Urteil vom 16. November a.c. (2P.321/2006). Glaubenssfreiheti war einmal eine innerhalb der Kirche, nun eine von der Kirche. Die Presse interpretiert das Bundesgericht mit ‚Austretungswillige Katholiken brauchen künftig ihrem Glauben nicht abzuschwören.’ – Wie steht’s für Reformierte?

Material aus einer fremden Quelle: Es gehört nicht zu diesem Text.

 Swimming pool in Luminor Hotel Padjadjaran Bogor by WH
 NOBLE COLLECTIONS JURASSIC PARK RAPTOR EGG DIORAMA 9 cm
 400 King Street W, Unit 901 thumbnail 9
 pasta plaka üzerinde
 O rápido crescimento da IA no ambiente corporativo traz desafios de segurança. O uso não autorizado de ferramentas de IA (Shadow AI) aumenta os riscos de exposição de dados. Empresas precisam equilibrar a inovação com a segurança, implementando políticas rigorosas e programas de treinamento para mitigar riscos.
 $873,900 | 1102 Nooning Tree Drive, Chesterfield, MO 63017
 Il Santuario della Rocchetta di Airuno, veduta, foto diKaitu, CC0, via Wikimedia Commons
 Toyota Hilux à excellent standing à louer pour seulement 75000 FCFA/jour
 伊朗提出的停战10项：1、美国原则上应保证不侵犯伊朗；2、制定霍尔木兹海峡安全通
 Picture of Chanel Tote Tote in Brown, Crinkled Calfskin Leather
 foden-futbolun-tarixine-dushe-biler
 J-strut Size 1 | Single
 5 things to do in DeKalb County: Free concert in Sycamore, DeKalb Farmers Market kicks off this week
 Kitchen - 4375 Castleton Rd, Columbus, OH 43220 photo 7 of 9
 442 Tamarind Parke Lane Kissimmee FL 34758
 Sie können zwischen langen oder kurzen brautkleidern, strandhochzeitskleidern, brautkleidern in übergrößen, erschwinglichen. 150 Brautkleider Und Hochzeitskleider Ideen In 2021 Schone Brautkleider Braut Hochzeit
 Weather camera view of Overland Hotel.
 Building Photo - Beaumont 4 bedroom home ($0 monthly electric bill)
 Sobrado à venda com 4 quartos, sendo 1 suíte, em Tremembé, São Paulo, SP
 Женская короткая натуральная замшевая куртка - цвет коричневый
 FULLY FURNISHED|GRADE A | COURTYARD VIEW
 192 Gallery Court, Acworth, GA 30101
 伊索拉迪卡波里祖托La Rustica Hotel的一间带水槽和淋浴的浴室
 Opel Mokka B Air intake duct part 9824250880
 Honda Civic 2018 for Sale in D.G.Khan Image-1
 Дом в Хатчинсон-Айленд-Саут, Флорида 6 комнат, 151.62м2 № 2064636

«Teilausttritt aus der Kirche laut Bundesgericht möglich» – NZZonline vom 19.11.07
Ein Austritt aus der römisch-katholischen Landeskirche ist nun möglich, ohne den Austritt der römisch-katholischen Glaubensgemeinschaft zu erklären, nachdem das Bundesgericht anders denn in einem Urteil vor fünf Jahren jetzt erklärt, dass ein Kirchenaustritt in Rücksicht auf die Glaubensfreiheit keine Erschwernis erträgt. Es hat entschieden, dass eine Erklärung genügt, aus der Landeskirche austreten zu wollen, ohne damit aus der Kirche an sich austreten zu müssen. Katholiken zählen zur universellen römisch-katholischen Kirche (Weltkirche) und der römisch-katholischen Landeskirche (Kirchgemeinde). Letztere hat eine zudienende Funktion und regelt administrative Belange. Nun können Katholiken aus der Landeskirche austreten, ohne den Austritt aus der Glaubensgemeinschaft zu erklären, was nach katholischem (Welt-)Kirchenrecht sowieso nicht geht. Wer katholisch getauft ist, hat darauf verzichtet, darauf zurückzukommen. Als Katholik/In ist man im Horizont der Kirche irreversibel katholisch.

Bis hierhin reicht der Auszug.